Beyond an adoration for jazz and pop, Lusaint was spending her time crafting ballads with a lot of other writers and producers. “I didn’t really know my sense of identity as an artist, and that went on for about a year and a half. One day, I just thought to myself:

‘I need to do this for myself and not for somebody else.’”

She started compiling the voice notes she collected in her phone, notes from her inspirations and other music she liked, to put in the effort to be and have her own project.

That’s how the first two songs written for her first EP, Self Sabotage, were born. “Those were the first two songs that made perfect sense for who I was as an artist. It’s been a process, but it’s a sense of relief. Before, I was struggling to find that love for music again. Now, it’s worked out. I work from the heart and from who I am.”

“My true sense of identity always comes from a voice note. Something that has no music and my producer, Bjorn, assembles everything to make it come alive. He takes voice notes that are so differently melodically and pitch-wise and puts it all together!”

‘Joking’, her latest single, followed the same pattern behind the scenes, but was complicated by the question of how to bring the song to the stage from the studio. “Each time we performed it on stage, it was an acoustic track. Always. But we wanted to experiment with bringing in the band. Hearing the masters, I’m so happy with how it turned out. The track fits perfectly with the rest of the EP, and it feels so right. Another confirmation that I’m going in the right direction.”

Photo Credit: Vedant Bodas

‘Joking’ fits into Lusaint’s upcoming EP, The Apothecary — an EP she describes as a self-healing meditation. “It’s difficult to explain, but it’s a very calming way of explaining what you’re going through and how you can help yourself get through it. In this transition from Self Sabotage to The Apothecary, my life has had quite a lot of change. I recently moved from Manchester, and most of my music is associated with that move without me knowing it.”

“So, writing ‘Joking’, it was about living a sort of mundane, pain-free, lifestyle that you want to get out of. Because as much as I loved my life in Manchester, and always will, I think there was a part of me that felt stuck. I really was living a normal life and I wanted something more from it. It was so beautiful, so comfortable, but I knew I needed something more. It was a euphoric feeling. I feel like a new chapter of my life started when I got out of my comfort zone.”

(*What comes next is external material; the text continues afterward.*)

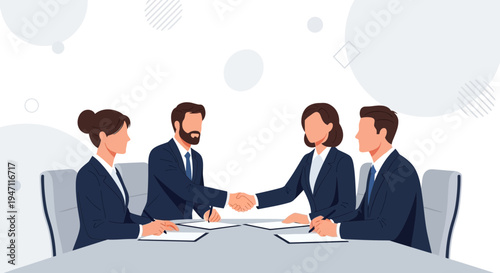 Business partners shaking hands during a meeting, agreement, teamwork, success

The move down south has been taking over Lusaint’s mind for months, but it’s also given her outlets to express herself beyond her music. Interior design has been calling her name, as the new place is a fresh canvas to express herself. “It’s great to take myself away from the music and do other things to compartmentalise what I actually want to write about. I’m trying to get out of my comfort zone even more and be in other creative processes. I have to remind myself I have free will and I can do things that bring me a sense of euphoria, even if it’s as simple as eating breakfast alone.”

That sense of euphoria doesn’t just come from breakfasts alone or songwriting. The stage is where Lusaint is meant to be. She shines on stage, and clearly crowds across Europe and the UK love her on it. “From ‘Sweet Tooth’ to now, the support has been incredible, especially over in France and Italy. Doing radio, television, everything, and it’s still ongoing. It’s so special to be doing all of this. Whether it’s a show with a 60-piece orchestra for an Italian Christmas special, blessed by the Pope, or a sold-out show in the UK or Europe, I’m so grateful for all of it. It’s been so special being a part of all of these music communities.”

It’s been said a million times that the best way to support live music venues is to go to them. It’s also one of the best ways to connect with the local community and feel hope that the gentrifiers and high-rises can’t take away the spirit of what makes a city a city. A Lusaint show is the perfect setting for that, but any good live show will have that — the hope that radiates in the room and the feeling that the weight of the world has disappeared for the night. Let the weight be lifted off, you and your city’s Camden need it.